For so many reasons, solicitors in Scotland and the public who use their services are better served by retaining a single body for regulating and representing the legal profession. At the heart of the issue is the question of what it is to be a profession. The rights and duties that a profession has, and the relationship between regulation of the profession and representation of its members by the profession, are not mutually exclusive. These roles can rest within a single professional body that both regulates and represents.

Providing that dual function through the Law Society of Scotland ensures effective leadership. Its elected Council is well placed to promote, lead, represent and support the Scottish solicitors’ profession. The Council can make informed decisions on the way forward and ensure that effective regulation remains with the profession while maintaining the interests of the profession, which do not differ from the interests of the public in relation to that profession.

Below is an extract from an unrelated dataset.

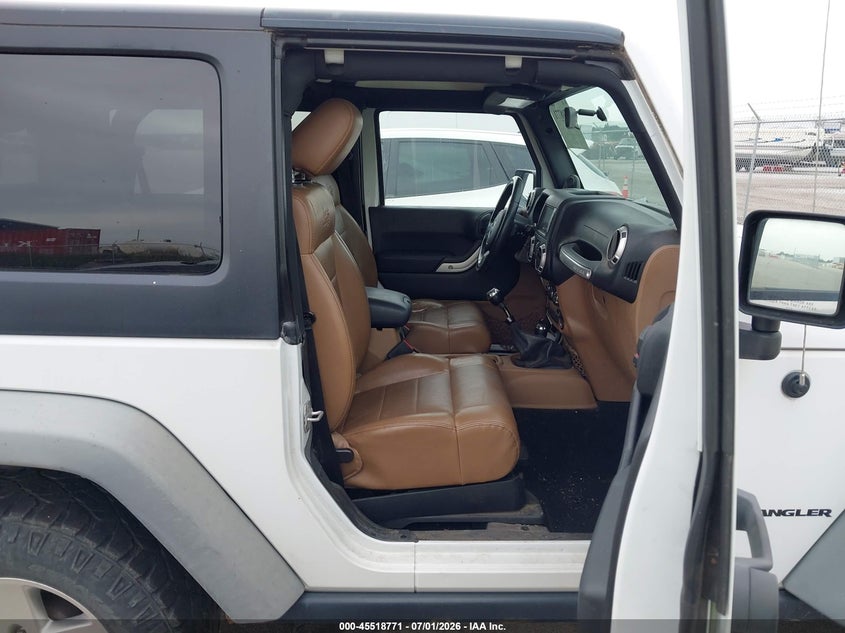 2011 JEEP WRANGLER auction photo 5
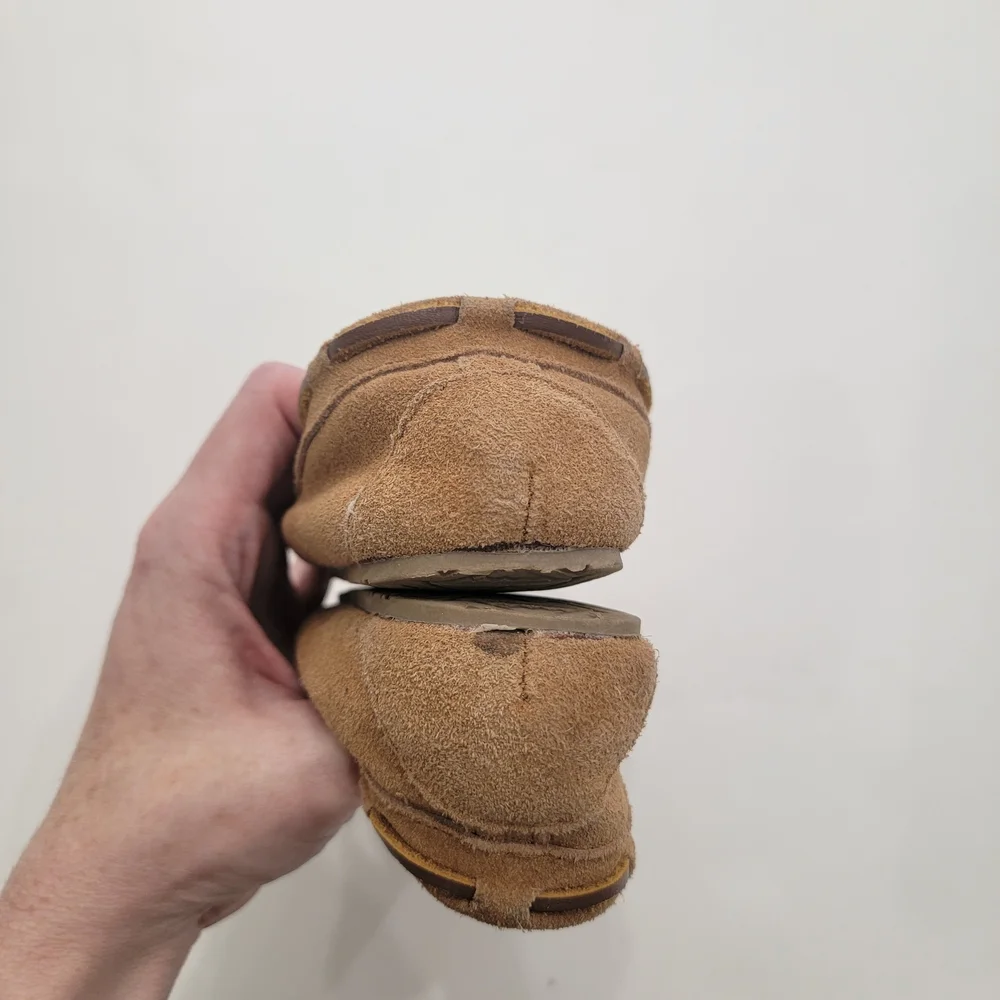 Minnetonka Kids' Tan Moccasin Slippers Sz 11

The Council is made up of elected members drawn from the profession throughout Scotland. They make decisions for the whole profession based on their knowledge and experience in practice. The Council is informed and assisted in the delivery of its decisions by more than 600 solicitor and non-solicitor committee members who add relevant, practical knowledge and insight through the Society’s extensive committee structure covering a plethora of areas of interest to the profession. Providing a forum for differing interests and views is part of being a profession and the Society’s committees and Council allow it to debate, decide and then act.

In operating through the Society in this way, the profession speaks with one voice. A single professional body that includes other representative groups provides a focus for regulation, representation and support. That, in turn, ensures credibility, recognition and respect both among legal groups and other bodies, such as Government and Parliament, while closely safeguarding our independence.

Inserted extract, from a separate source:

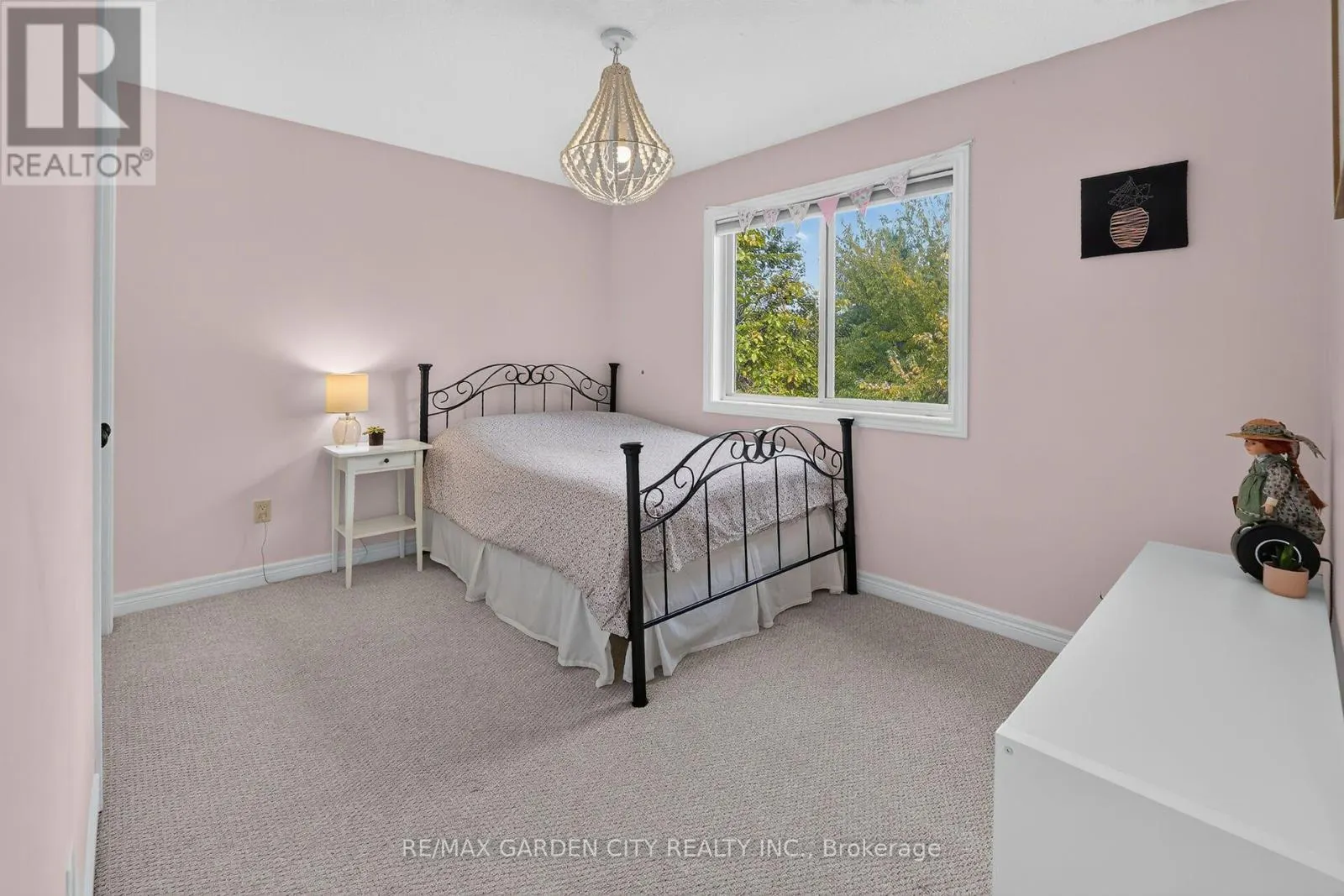 3993 AZALEA CRESCENT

Coming together in one body also greatly enhances our negotiating power, for instance, in relation to legal aid rates and other fees. In addition, 1,250 firms provide significant purchasing leverage. The Master Policy for professional indemnity insurance is a prime example of the Society securing best value for members.

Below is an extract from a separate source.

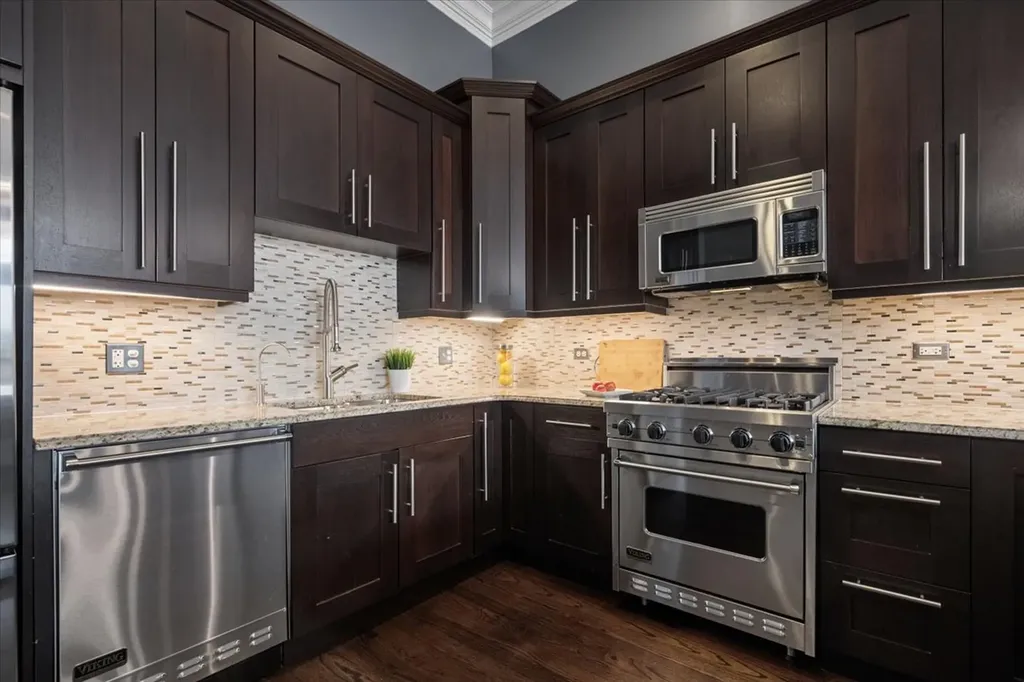 1423 West Belmont Avenue Chicago IL 60657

Crucially, there are also significant cost savings in having one organisation covering various functions. The costs of the Scottish Legal Complaints Commission and the Scottish Legal Aid Board show the effect of splitting off functions from the Society. Likewise, when regulatory and representative roles were separated in England & Wales, the cost of a practising certificate increased substantially. It should also be borne in mind that splitting the Society’s functions could result in provision of regulation – rather than representation – by a body independent of the profession. This cannot be an attractive option.

Our own decisions are best informed and moderated by being a professional body responsible for regulation, representation and support. That allows the Society to make practical decisions which work for the profession. When dealing with individual cases, there is clear separation between support and the regulatory functions. For example, there is a confidentiality protocol for advice given to members on rules, and practice enquiries. Yet, effective regulation alongside support for solicitors allows us to maintain the highest professional standards by promoting the delivery of quality services and building the trust of clients.

All of this ensures that the badge of the Scottish solicitor is a mark of distinction that sets solicitors apart from unregulated legal advisers. That badge represents what it means to be a profession: a common commitment to the rule of law; the importance of personal integrity; and, the realisation that professional privilege brings with it an equal obligation to work for the public good. The Society promotes and protects that badge for the profession.

Solicitors in Scotland are a diverse group. But small and large firms, urban and rural, private practice and in-house all belong to the same profession. And the title of Scottish solicitor is best and most instantly defined as being a member of the Law Society of Scotland.

The Society’s Council, committees and staff work tremendously hard for the profession. There will always be times when members might disagree with some of Council’s policies, priorities and decisions, but the way to best shape the future is by engaging with the Society. Solicitors can stand for election to the Council or join a committee. By listening to diverse views and seeking constructive solutions, we will move forward as a united, effective and respected profession.